By ANNA JO BRATTON and NATE JENKINS | Associated Press Writers
11:06 PM EST, December 6, 2007

OMAHA, Neb. - The young man who killed eight people and committed suicide in a shooting rampage at a department store spent four years in a series of treatment centers, group homes and foster care after threatening to kill his stepmother in 2002.

Finally, in August 2006, social workers, the courts and his father all agreed: It was time for Robert Hawkins to be released -- nine months before he turned 19 and would have been required to leave anyway.

The group homes and treatment centers were for youths with substance abuse, mental or behavioral problems.

On Thursday, while some of those who knew Hawkins called the massacre Wednesday at a busy Omaha mall unexpected, not everyone was surprised.

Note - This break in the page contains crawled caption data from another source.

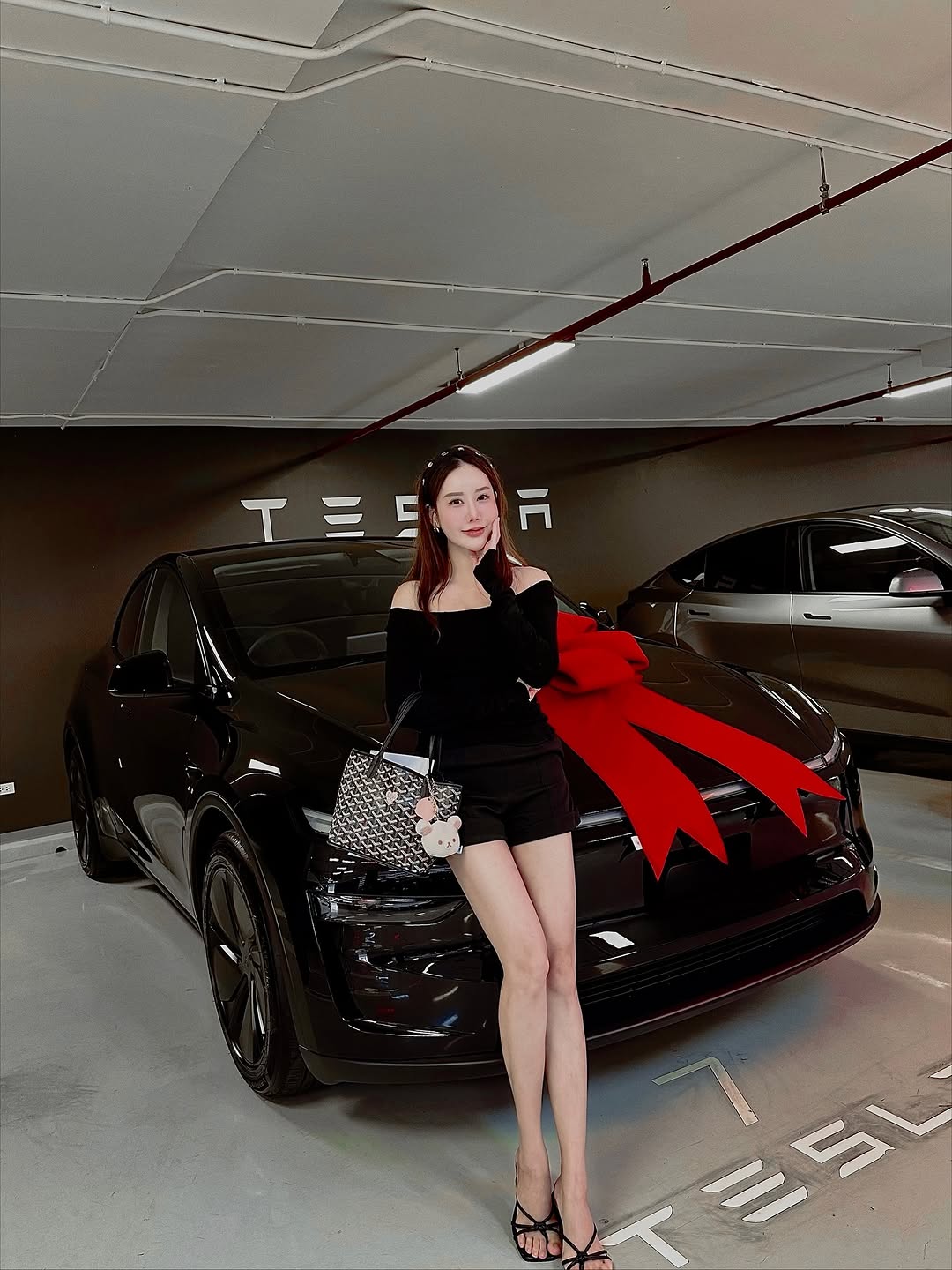 欢迎 Model Y 朱庇特长续航版🖤🎀 今年的生日礼物，如果我们同时踩油门和刹车，车会熄火吗 😗✨ @yuuyanin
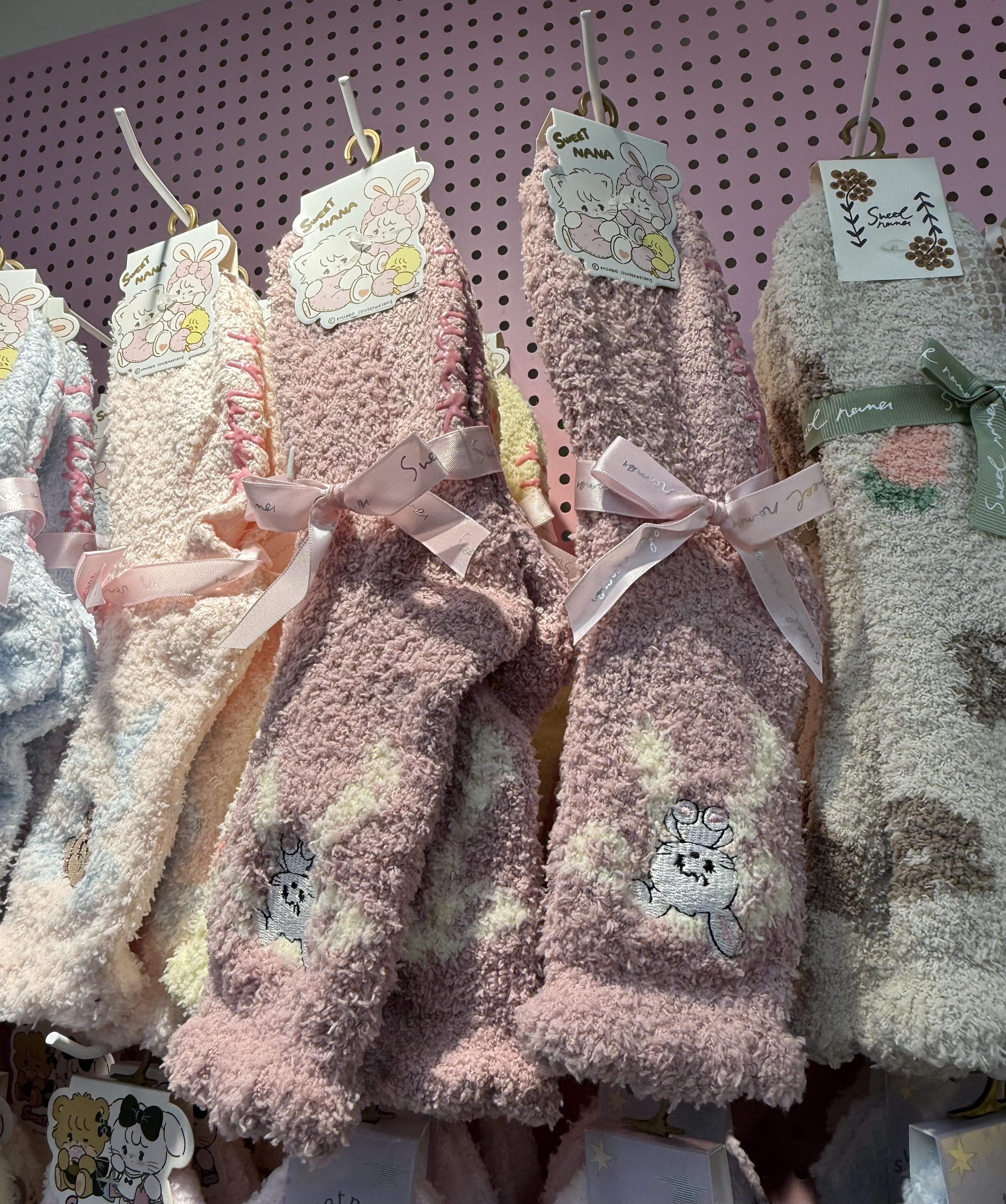 可爱珊瑚绒毛毛袜子女中筒冬季加厚加绒保暖月子睡眠地板袜长家居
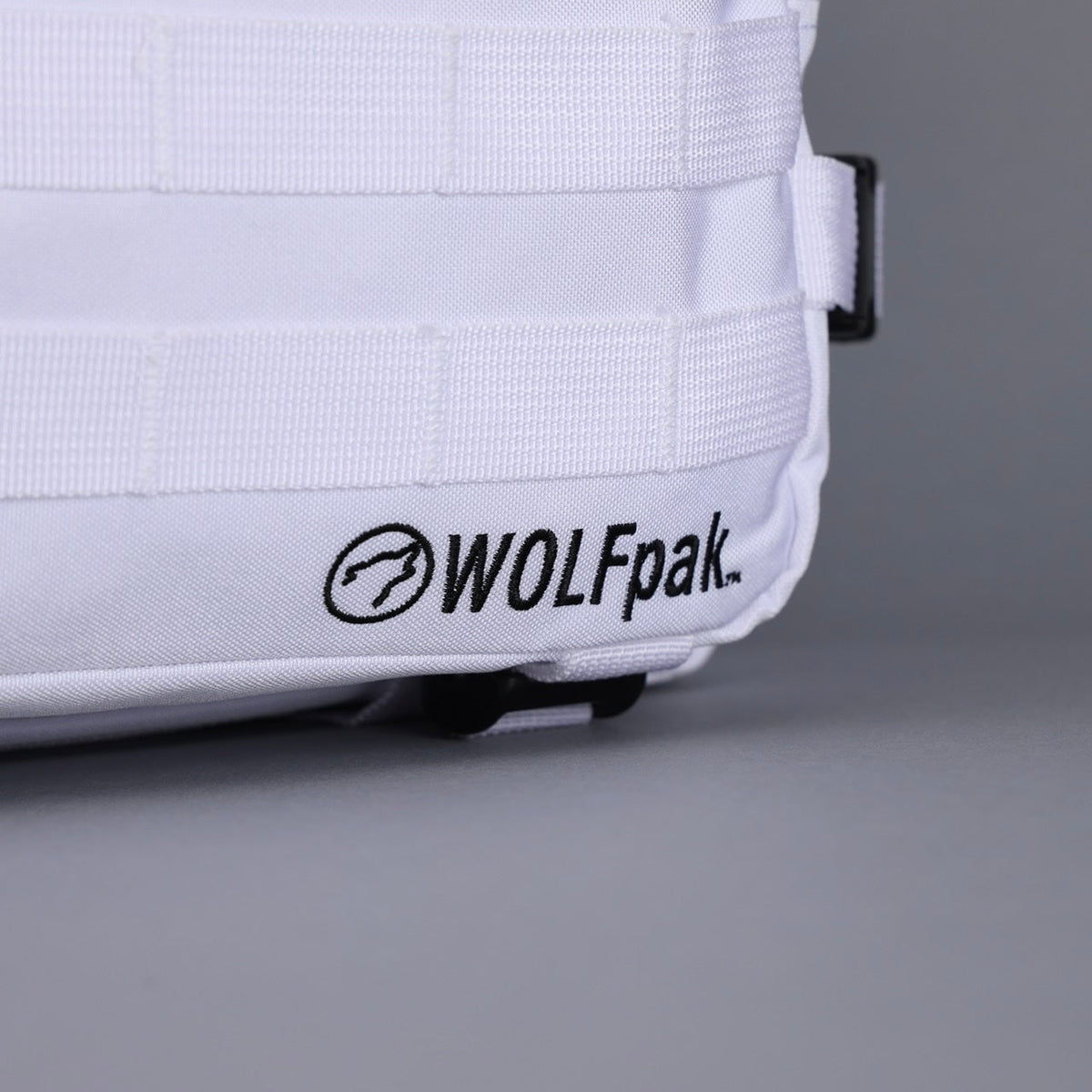 25L Backpack Polar White - Image 5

"He should have gotten help, but I think he needed someone to help him and needed someone to be there when in the past he's said he wanted to kill himself," said Karissa Fox, who said she knew Hawkins through a friend. "Someone should have listened to him."

Todd Landry, state director of children and family services, said court records do not show precisely why Hawkins was released. But he said that if Hawkins should not have been set free, someone would have raised a red flag.

"It is my opinion, it was not a failure of the system to provide appropriate services," Landry said. "If that was an issue, any of the participants in the case would have brought that forward."

After reviewing surveillance tape, a suicide note and Hawkins' last conversations with those close to him, police said they don't know -- and may never know -- exactly why Hawkins went to the Von Maur store at Westroads Mall and shot more than a dozen people.

But he clearly planned ahead, walking through the store, exiting, then returning a few minutes later with a gun concealed in a balled-up sweat shirt he was carrying, authorities said.

Debora Maruca-Kovac, a woman who with her husband took Hawkins into their home because he had no other place to live, told the Omaha World-Herald that the night before the shooting, Hawkins and her sons showed her a semiautomatic rifle. She said she thought the gun looked too old to work.

Police believe Hawkins was using that AK-47 when he stormed off a third-floor elevator at the store and started shooting.

Police said they have found no connections between the 19-year-old and the six employees and two shoppers he killed.

"The shooting victims were randomly selected," as was the location of the shooting, Omaha Police Chief Thomas Warren said.

Acquaintances said that Hawkins was a drug user and that he had a history of depression. In 2005 and 2006, according to court records, he underwent psychiatric evaluations, the reasons for which Landry would not disclose, citing privacy rules.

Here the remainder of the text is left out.